Meghan Salinas, Lifestyle and BuzzFeed Section Editor
If your church is anything like mine, you may have easily stumbled into church a few minutes before service or in between services to get yourself a nice cup of coffee or hot tea. While grazing the variety of creamer cups and hot tea choices you also might find a wonderful array of books and biblical commentaries in a beautifully constructed way on the wooden tinted shelves.
The month of October is National Church Library month. Here is a list of readable material found in various church libraries. Remember that church libraries can be vital and relevant even now. Pick up a book with your delectable coffee and head into service and cozy up with your new reading material after service.
1) A good study bible
Here are some preferred study bibles that provide biblical commentaries, references and background of the time period in which the books were written.
-The ESV Gospel Transformation Bible
-The ESV Study Bible
-The HCSB Study Bible
According to Jen Wilkin, author of Women of the Word, it is extremely vital to read scripture in many different translations. It is important to emerge yourself in different translations of scripture because Wilkin says, “Reading a passage in more than one translation can expand your understanding of its meaning.”
If you’re having trouble interpreting translations like ESV (English Standard Version) or KJV (King James Version), try cross-referencing with a simpler version NIV (New International Version) or NASB (New American Standard.)

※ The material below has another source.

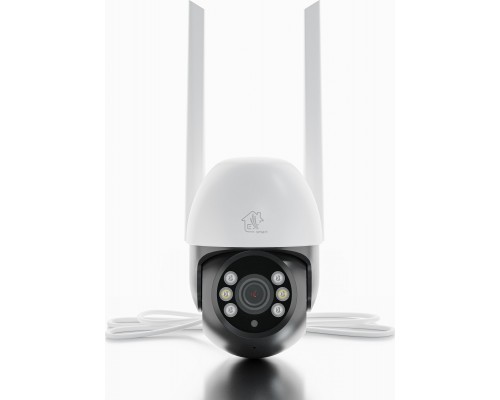 ExtraLink Perun Outdoor EOC-268 EX.30103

2) “Mere Christianity” by C.S. Lewis
C.S. Lewis discusses in this book about the importance of understanding and speaking comfortably about our Christian Worldview. Lewis defends the faith that is been torn apart by skeptics and critics and discusses in detail about what a solid Christian life is supposed to look like from an outward point of view.

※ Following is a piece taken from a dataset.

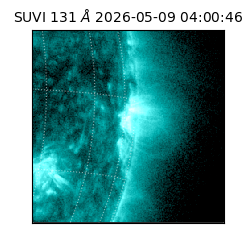 suvi - 2026-05-09T04:00:46.264000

3) “Radical” by David Platt
On the cover of this book, it says, “Taking back your faith from the American dream.”
Platt challenges readers in this convicting read about how all of us have chosen to manipulate the gospel to fit our preferences and our comfort. In this book, Platt shows audiences through immaculate detail of churches in other countries where persecution is knocking at their door and how, even when their lives are at stake, they “radically” believe in the gospel and risk their lives daily to make the Lord’s name known.
4) “Revitalize” by Andrew M. Davis
The cover of Revitalize states, “Biblical keys to helping your church come alive again.”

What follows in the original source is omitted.